Believe it or not, the term “computer” once referred to a person’s job, not a piece of technology. The original space missions launched by NASA required human computers to create complicated mathematical solutions. They had to account for things like gravitational pull, launch angle, and fuel consumption. Did you see the film Hidden Figures? That’s what we’re talking about.
The advent of the microchip, however, essentially deleted this job from existence. While there are still physicists who can run those kinds of numbers by hand, there is no official job title for such a person. The hard work of computing has been shifted to the world of programming instead.
While accountants and secretaries can still find plenty of work, the field of bookkeeping has been automated. Accounts payable software gets the job done–and you don’t have to pay it a salary or benefits. Before computers were commonplace, the job of that software was handled by a human employee: a bookkeeper.
Logs, ledgers, spreadsheets, and the like were once all kept in notebooks and managed by one person or department at a company. The invention of software that could handle the bulk of this work led to many roles in the office being combined. Now there are very few dedicated bookkeepers; instead, the tasks now also fall to accountants or secretaries.
As of the time of this writing, self-driving cars or drones that deliver packages are in their infancy, but they are a reality. In a few short years, assuming no major legislation alters how companies can use this technology, automated cars are likely to replace the job of couriers. People who drive taxis, deliver food and packages, and even truckers could all be facing the end of their industry.

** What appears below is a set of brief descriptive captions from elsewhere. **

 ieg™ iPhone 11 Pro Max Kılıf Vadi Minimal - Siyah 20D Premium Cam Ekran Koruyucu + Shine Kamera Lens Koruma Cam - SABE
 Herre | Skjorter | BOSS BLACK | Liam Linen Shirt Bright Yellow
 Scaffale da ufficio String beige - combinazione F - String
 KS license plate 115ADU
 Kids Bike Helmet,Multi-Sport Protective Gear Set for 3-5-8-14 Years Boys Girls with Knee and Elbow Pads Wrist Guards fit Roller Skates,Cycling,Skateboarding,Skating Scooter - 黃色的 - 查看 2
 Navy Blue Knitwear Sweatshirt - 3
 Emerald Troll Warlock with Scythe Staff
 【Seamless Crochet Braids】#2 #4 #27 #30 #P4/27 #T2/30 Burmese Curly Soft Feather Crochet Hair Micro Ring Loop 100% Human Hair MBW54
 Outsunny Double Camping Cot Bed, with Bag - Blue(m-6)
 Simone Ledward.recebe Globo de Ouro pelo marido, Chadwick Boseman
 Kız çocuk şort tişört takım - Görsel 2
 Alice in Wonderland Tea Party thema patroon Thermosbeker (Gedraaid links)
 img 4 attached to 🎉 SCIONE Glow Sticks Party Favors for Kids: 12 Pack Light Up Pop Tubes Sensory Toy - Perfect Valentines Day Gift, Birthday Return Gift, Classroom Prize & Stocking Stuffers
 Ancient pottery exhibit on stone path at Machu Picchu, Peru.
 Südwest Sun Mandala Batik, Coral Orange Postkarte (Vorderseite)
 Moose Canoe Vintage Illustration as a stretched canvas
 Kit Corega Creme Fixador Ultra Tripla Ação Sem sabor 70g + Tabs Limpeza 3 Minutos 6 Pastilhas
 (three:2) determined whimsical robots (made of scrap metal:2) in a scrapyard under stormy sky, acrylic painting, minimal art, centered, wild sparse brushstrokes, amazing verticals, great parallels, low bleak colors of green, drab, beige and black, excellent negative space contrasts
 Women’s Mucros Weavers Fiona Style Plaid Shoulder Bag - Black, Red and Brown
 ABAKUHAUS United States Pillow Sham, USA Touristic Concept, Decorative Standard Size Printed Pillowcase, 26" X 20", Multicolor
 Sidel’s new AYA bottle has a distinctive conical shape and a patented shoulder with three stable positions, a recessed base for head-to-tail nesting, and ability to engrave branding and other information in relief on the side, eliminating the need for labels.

As more advanced robotics become reality and not just science fiction, many more jobs will vanish. Soldiers could be replaced with drones. Astronauts might even be replaced with robotic probes like the Mars rover. There is some good news, at least: some jobs will always demand a human touch. However, this means that people who are in jobs that are being displaced will need to retrain into a new field or risk falling through the cracks of tomorrow’s world.